- **YOUR TASK**
Below are the entries to work from; restate word for word the portion that opens with the line containing "Snapshot of l_adonis_l" and closes with the line containing "Ice White / Beige 2011 Volvo XC90 3.2", keeping both.

(Stored items from a collection)
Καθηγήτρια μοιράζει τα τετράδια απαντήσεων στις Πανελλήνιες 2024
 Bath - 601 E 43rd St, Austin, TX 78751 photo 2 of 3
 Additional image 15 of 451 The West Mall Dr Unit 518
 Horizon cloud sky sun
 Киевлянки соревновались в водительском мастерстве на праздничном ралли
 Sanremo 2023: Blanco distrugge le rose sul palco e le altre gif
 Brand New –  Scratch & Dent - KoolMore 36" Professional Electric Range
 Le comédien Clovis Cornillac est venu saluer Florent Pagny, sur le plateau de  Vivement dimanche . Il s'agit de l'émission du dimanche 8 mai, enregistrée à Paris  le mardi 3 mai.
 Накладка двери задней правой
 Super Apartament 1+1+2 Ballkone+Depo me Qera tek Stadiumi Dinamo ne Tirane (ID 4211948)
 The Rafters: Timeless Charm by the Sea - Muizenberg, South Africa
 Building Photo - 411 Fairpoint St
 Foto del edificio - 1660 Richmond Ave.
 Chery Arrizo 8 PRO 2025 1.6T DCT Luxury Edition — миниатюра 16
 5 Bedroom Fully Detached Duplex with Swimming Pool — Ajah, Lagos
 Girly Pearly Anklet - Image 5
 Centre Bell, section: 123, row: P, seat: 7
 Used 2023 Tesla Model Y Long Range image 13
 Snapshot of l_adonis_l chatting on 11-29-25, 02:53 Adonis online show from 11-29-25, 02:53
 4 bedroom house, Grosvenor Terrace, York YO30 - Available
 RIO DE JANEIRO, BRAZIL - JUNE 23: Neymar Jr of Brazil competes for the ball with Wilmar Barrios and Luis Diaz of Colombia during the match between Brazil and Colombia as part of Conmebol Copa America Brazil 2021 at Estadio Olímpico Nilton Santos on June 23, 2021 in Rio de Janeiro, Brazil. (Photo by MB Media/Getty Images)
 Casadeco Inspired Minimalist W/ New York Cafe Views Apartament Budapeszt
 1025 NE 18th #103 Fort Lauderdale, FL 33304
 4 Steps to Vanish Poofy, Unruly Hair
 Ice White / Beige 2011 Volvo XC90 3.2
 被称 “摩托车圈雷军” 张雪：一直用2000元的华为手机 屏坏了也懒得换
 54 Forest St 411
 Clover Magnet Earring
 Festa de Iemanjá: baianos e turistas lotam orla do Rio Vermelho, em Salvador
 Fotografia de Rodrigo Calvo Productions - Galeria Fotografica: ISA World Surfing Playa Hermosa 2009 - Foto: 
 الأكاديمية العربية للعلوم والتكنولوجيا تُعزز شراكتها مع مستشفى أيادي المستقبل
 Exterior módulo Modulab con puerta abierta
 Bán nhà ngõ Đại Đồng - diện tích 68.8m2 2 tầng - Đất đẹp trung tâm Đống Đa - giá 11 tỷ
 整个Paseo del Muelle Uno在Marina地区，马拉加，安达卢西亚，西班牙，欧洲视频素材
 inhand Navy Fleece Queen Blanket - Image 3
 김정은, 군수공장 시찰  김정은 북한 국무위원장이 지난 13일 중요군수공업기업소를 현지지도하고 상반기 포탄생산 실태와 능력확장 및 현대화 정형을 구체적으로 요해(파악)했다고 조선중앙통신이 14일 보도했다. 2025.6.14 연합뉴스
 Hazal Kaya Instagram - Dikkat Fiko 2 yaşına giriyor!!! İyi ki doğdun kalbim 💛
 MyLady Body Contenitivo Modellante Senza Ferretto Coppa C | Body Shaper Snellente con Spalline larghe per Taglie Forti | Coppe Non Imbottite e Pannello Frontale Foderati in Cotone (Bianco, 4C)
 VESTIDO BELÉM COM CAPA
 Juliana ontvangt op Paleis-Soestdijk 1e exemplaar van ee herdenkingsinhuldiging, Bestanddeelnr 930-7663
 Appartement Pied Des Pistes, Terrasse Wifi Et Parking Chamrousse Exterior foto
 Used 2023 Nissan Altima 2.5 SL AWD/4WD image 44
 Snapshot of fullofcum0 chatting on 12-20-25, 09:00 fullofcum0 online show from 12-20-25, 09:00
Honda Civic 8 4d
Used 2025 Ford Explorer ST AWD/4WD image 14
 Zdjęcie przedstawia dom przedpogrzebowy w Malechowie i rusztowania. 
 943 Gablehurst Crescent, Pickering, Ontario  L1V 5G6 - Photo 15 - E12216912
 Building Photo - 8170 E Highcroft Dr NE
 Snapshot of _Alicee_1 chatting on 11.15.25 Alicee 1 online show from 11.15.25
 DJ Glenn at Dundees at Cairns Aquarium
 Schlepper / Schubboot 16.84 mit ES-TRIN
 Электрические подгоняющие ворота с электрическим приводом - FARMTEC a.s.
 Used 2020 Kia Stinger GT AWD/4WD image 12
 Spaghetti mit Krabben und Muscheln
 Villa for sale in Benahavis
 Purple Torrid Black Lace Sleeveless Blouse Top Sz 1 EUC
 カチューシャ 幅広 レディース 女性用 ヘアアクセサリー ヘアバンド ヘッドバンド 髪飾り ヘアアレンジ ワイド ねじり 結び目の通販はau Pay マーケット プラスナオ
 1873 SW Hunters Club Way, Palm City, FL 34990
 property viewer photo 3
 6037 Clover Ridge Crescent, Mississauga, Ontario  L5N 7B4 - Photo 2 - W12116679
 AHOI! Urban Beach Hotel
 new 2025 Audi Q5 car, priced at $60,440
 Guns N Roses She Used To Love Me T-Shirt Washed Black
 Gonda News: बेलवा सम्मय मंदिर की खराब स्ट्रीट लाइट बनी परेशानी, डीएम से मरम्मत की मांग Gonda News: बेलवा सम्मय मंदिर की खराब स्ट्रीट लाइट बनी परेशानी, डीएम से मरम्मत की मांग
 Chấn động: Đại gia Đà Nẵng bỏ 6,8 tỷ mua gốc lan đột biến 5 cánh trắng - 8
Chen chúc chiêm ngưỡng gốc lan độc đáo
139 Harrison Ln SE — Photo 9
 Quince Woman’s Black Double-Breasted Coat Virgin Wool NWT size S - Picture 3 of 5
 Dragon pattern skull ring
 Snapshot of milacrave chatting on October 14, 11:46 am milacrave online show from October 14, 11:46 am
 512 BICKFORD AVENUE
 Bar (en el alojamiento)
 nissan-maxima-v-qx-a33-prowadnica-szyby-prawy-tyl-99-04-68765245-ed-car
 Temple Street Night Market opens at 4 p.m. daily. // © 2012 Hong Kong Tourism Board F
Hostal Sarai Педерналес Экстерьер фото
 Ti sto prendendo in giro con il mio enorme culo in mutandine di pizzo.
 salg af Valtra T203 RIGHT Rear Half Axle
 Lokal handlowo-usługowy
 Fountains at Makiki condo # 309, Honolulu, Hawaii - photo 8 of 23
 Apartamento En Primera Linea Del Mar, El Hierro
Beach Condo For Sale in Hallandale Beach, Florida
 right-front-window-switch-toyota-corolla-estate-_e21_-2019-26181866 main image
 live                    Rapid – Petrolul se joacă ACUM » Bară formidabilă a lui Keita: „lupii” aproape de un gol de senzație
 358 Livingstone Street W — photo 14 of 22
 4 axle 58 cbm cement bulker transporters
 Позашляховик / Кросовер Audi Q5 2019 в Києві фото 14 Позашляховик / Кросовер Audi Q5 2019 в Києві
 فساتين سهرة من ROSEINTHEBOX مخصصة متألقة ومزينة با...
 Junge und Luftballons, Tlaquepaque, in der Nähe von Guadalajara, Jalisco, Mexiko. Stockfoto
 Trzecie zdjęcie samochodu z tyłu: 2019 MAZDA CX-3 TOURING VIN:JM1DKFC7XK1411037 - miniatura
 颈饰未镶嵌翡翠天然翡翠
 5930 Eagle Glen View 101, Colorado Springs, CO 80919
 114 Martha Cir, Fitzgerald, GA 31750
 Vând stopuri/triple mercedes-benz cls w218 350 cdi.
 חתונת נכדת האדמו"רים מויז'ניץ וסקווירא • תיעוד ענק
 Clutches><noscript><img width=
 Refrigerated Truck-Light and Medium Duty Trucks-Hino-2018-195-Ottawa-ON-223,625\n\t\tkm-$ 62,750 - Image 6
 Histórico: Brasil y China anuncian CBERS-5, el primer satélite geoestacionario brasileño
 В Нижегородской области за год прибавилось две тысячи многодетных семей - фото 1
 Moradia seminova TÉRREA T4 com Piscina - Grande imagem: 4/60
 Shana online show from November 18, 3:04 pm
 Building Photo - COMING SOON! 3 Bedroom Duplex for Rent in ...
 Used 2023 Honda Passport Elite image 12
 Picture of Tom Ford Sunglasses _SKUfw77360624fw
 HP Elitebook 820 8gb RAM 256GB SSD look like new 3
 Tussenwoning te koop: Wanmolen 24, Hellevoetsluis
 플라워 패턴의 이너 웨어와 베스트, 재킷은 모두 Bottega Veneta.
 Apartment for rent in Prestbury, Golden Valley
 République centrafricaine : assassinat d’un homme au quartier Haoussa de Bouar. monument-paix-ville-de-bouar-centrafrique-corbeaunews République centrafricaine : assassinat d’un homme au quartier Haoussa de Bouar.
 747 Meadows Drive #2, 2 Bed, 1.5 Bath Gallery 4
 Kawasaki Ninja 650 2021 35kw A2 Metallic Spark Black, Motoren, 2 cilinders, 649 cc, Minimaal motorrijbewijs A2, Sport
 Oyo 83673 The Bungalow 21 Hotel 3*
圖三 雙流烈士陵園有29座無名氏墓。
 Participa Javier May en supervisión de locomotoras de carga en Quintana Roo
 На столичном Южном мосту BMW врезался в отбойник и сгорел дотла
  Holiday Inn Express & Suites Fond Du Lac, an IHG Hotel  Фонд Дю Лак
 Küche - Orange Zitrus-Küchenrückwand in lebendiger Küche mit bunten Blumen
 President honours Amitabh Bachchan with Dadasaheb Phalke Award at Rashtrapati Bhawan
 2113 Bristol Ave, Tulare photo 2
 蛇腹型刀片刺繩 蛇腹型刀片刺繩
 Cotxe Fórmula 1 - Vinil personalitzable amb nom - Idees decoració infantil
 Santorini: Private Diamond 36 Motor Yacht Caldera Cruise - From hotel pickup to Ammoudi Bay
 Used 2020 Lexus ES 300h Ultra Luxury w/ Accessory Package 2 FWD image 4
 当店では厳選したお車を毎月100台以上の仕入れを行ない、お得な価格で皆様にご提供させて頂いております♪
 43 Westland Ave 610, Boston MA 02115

- **YOUR SOLUTION**
 Snapshot of l_adonis_l chatting on 11-29-25, 02:53 Adonis online show from 11-29-25, 02:53
 4 bedroom house, Grosvenor Terrace, York YO30 - Available
 RIO DE JANEIRO, BRAZIL - JUNE 23: Neymar Jr of Brazil competes for the ball with Wilmar Barrios and Luis Diaz of Colombia during the match between Brazil and Colombia as part of Conmebol Copa America Brazil 2021 at Estadio Olímpico Nilton Santos on June 23, 2021 in Rio de Janeiro, Brazil. (Photo by MB Media/Getty Images)
 Casadeco Inspired Minimalist W/ New York Cafe Views Apartament Budapeszt
 1025 NE 18th #103 Fort Lauderdale, FL 33304
 4 Steps to Vanish Poofy, Unruly Hair
 Ice White / Beige 2011 Volvo XC90 3.2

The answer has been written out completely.